However, over the last couple decades, there has been something of a revival of the growth of cocoa with new estates and increasing numbers of agro-industrial production factories being established to create finished products for local consumption and export. A few local companies have indeed broken into foreign markets, with their brands becoming accepted by consumers.
A critical need arises for the Government and the local private sector to take advantage of the opportunity to create additional foreign exchange earners; to energise the production, marketing and sale of local cocoa and finished chocolate products, especially in the circumstances of higher prices on the market and greater demand, notwithstanding the increased costs all around.
Two owners of cocoa estates, Elizabeth Montano and Yvette Garcia, are quoted in Sunday’s Business Guardian as calling for additional lands to be made available to increase cocoa production, both as raw material and as a base for high-value products.
The Government, being the owner of the vast majority of lands in the country, has allowed for a significant quantity of the resource to lie fallow and under-utilised. Such lands need to be opened up for lease and purchase in the present high-price manifestation of cocoa.
But as is well-known, high demand for products fluctuates over time. The challenge is for producers to be nimble with the rise and fall of demand for certain commodities so that production can be easily and quickly shifted to market needs.

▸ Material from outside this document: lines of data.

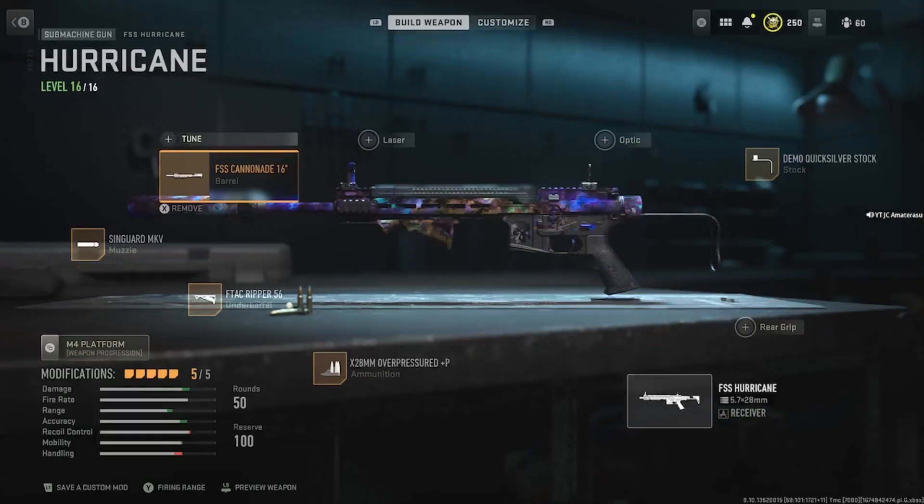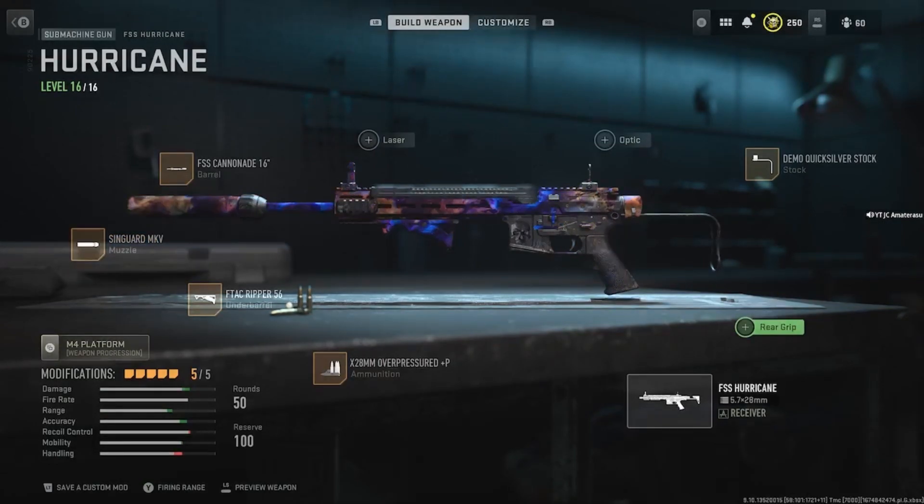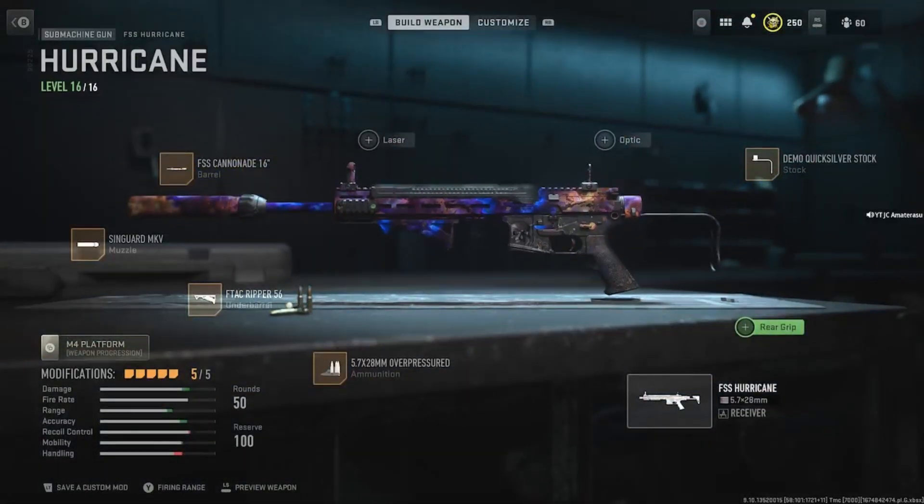All right guys, we'll be on the FSS Hurricane. We have the FSS Cannon 8 16-inch barrel with the Sakin Guard MKV muzzle. We have the F-TAC Ripper 56 underbarrel and we have the 5.7x28mm overpressure ammunition. And then we have the Demo Quicksilver stock. If you do not want to use the Demo Quicksilver stock, you can switch it out for the D15 grip — it brings up the accuracy instead. And that guys is everything you have to know on the FSS Hurricane. This gun shreds, just try out this class setup. You won't go wrong.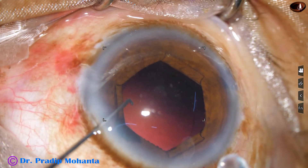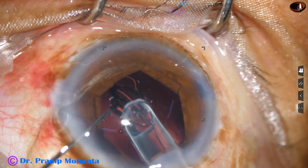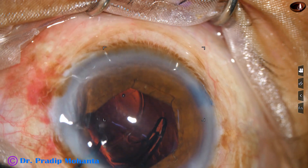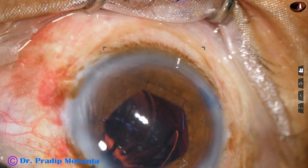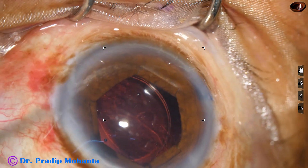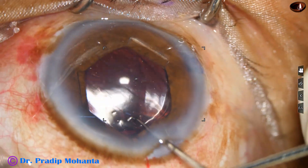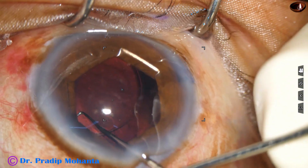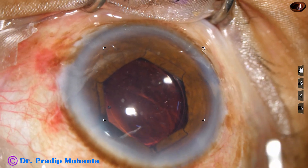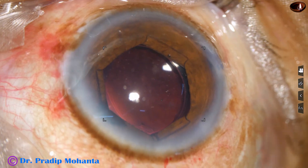Now the lens is being delivered into the capsular bag. In this case, we should take care that the trailing haptic should not get caught on the B-Hex pupil expansion device, and the B-Hex should not go into the capsular bag. It is nicely placed. Now we have to remove the visco, and before that we have to remove the B-Hex pupil expansion device.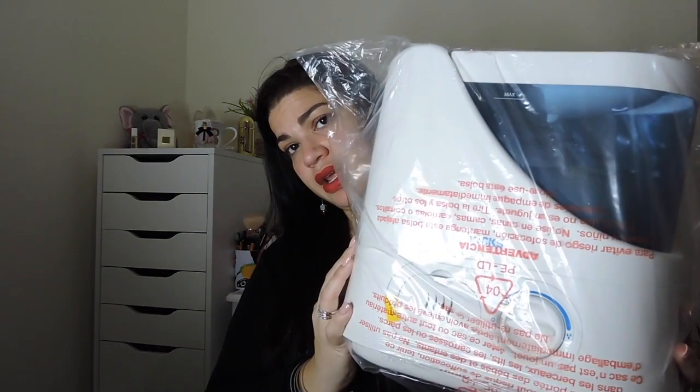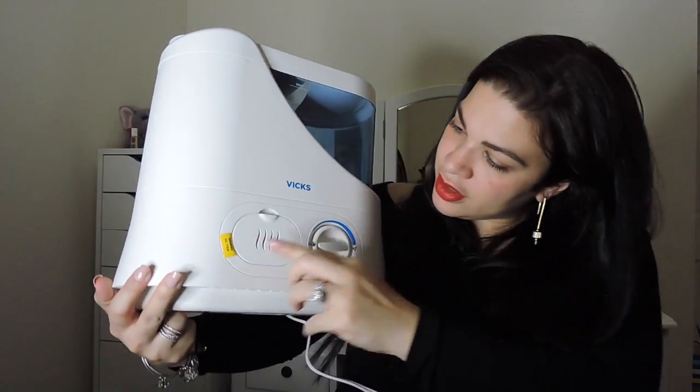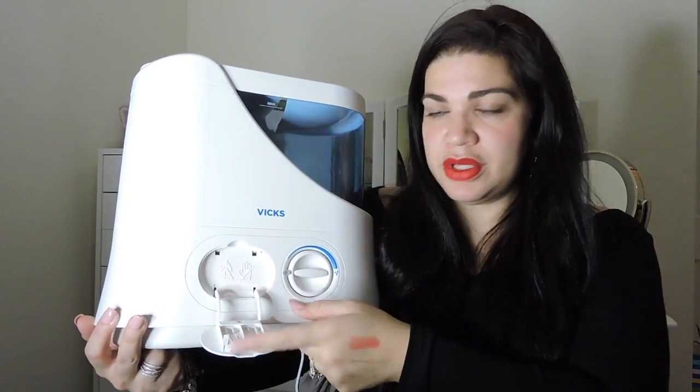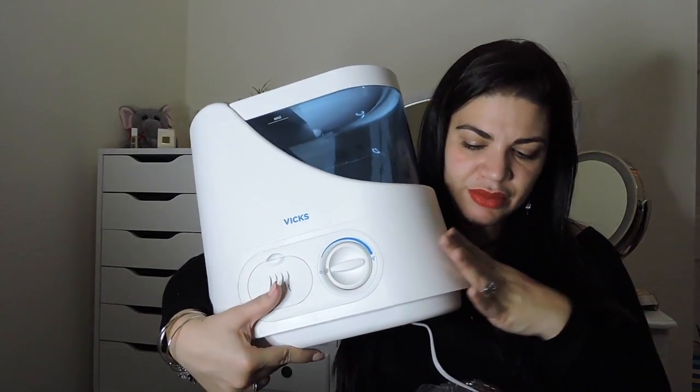So this is the humidifier right here. You have to pull this to remove it, and they give you a little scent sample enclosed. You open this little thing here — this is how you turn it on and off, and this is where you fill the water. It has its maximum capacity marked. There are some humidifiers that are more bulky than this, but this one is okay. And this is always good to have — these things can be really expensive sometimes. So thank you, Influenster — I love you, you guys know that I'm obsessed with you.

There is no tolerance in the contemporary world for the one-product agriculture of the 16th to 20th-century models. In such a differentiated production space, the expansion of the agro-industrial sector will become attractive to investors.
So yes, a return to increased agricultural production but with a significant difference; it must be one that is oriented to the needs of the local economy.
It must therefore be the kind of agricultural development which is cognisant of the modern economy which caters to both export and local consumption, cocoa having every possibility to meet both sets of tastes. The critical factor is proactivity.